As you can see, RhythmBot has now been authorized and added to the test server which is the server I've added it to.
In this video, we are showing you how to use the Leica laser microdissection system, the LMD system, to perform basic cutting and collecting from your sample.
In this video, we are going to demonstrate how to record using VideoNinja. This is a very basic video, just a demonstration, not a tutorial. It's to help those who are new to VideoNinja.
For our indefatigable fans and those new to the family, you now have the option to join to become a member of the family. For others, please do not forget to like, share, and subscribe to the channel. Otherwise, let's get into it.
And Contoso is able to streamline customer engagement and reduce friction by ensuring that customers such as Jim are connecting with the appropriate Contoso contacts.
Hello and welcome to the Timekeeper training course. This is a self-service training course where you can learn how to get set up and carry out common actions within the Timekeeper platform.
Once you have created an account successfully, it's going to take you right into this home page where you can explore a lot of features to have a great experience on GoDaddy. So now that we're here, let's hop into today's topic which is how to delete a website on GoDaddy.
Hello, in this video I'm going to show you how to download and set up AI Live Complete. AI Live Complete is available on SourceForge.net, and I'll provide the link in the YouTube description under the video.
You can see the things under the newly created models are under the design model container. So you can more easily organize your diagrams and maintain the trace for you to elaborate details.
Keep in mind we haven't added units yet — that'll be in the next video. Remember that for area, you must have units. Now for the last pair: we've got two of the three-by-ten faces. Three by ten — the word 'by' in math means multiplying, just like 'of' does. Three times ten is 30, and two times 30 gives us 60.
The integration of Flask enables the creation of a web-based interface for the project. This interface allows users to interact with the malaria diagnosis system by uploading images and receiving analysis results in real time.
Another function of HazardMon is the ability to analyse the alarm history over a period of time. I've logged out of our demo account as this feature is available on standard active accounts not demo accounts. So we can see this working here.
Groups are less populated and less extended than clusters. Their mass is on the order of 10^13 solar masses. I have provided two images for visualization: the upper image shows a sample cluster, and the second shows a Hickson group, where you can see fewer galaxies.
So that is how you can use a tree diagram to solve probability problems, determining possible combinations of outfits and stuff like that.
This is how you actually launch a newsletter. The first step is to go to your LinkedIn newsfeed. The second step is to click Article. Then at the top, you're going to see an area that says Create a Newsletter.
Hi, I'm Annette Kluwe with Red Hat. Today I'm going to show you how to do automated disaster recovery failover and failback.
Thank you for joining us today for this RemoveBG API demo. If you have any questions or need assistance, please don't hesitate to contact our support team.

-*-

=== Exercise ===
Would you show each line of the material above that contains the string "basic"?

=== Exercise output ===
In this video, we are showing you how to use the Leica laser microdissection system, the LMD system, to perform basic cutting and collecting from your sample.
In this video, we are going to demonstrate how to record using VideoNinja. This is a very basic video, just a demonstration, not a tutorial. It's to help those who are new to VideoNinja.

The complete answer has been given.